Kyrgyzstan to Introduce Mandatory QR Code Tax Payments

Beginning July 1, 2025, all taxes and insurance contributions in Kyrgyzstan must be paid exclusively using a unique payment code or QR code. The change was announced by the press service of the State Tax Service (GNS) of the Kyrgyz Republic. The new system will apply to taxes, non-tax revenues, and mandatory insurance contributions. Taxpayers will be able to generate a QR code through their account on the State Tax Service website or via a dedicated mobile application. Alternatively, QR codes can be obtained at Business Service Centers or local tax offices. Mirlan Rakhmanov, Deputy Chairman of the State Tax Service, emphasized that the shift to QR code payments is designed to enhance transparency and streamline the payment process. “Payment via QR code enables real-time crediting of funds to the state budget, eliminates manual entry errors at banks, accelerates service delivery, and reduces the need for queuing,” Rakhmanov stated. Banking sector representatives who attended consultations with tax officials expressed readiness to support the transition. The State Tax Service confirmed that banks are technically equipped to implement the new system without disruptions. The announcement comes as part of a broader package of reforms aimed at modernizing tax administration.
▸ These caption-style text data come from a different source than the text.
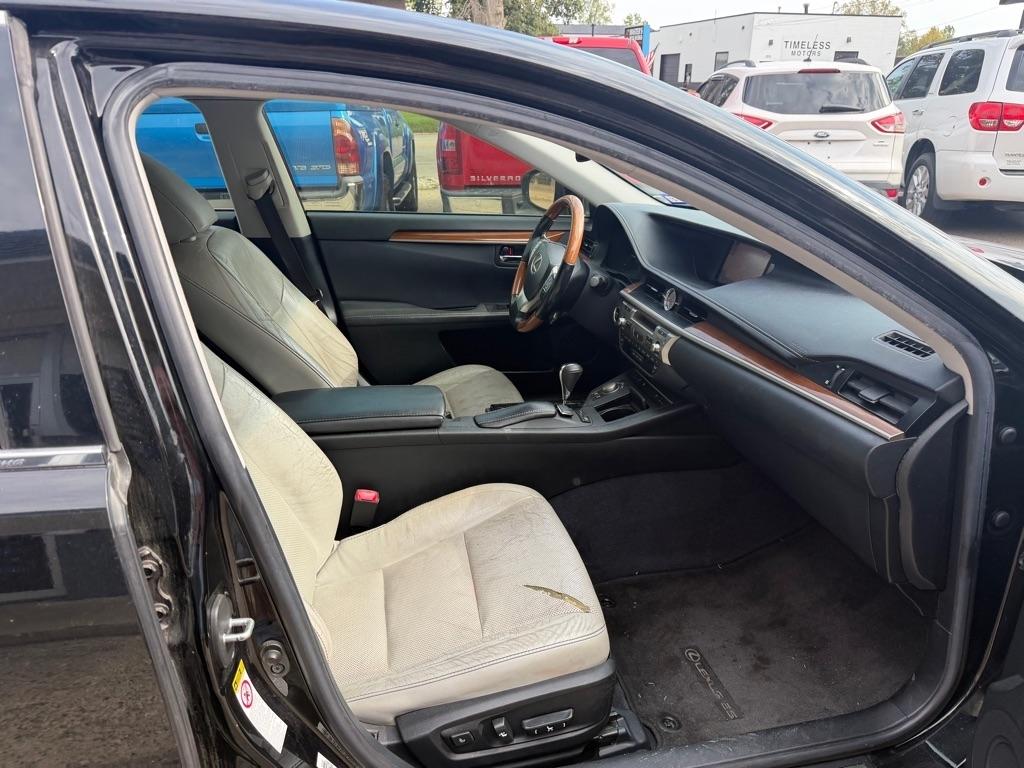 Lexus ES 300h 4dr Sdn Hybrid 2013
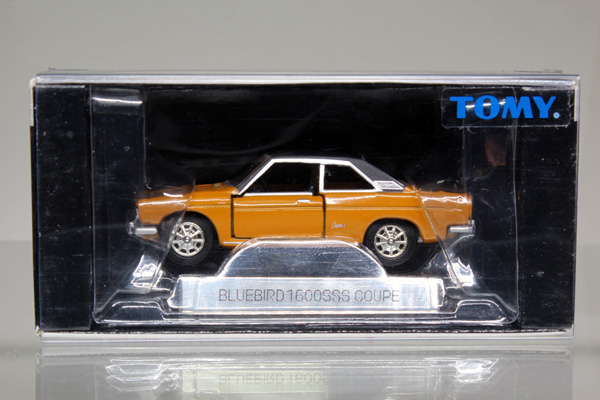 ミニカーショップ ケンボックス トミカリミテッド 0011 日産ブルーバード1600sssクーペ モデルは美品ですが ケースにはスレ等有る場合が御座いますminicar Shop Kenbox Tomica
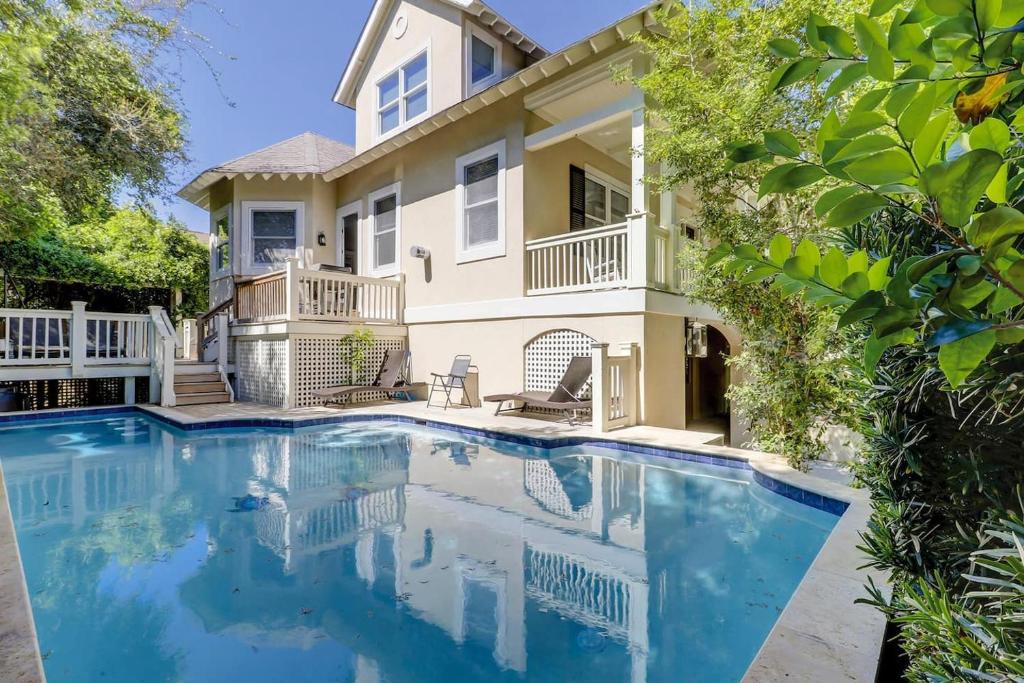 Steps From The Sand 2nd Row Pool & Hot Tub, Hilton Head Island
The agency reported that it has intensified analytical efforts to combat tax evasion, particularly schemes involving the artificial fragmentation of businesses to qualify for tax benefits intended for small enterprises. “The State Tax Service possesses the digital tools necessary to monitor economic activity, including through data-sharing arrangements with other government agencies,” the statement added.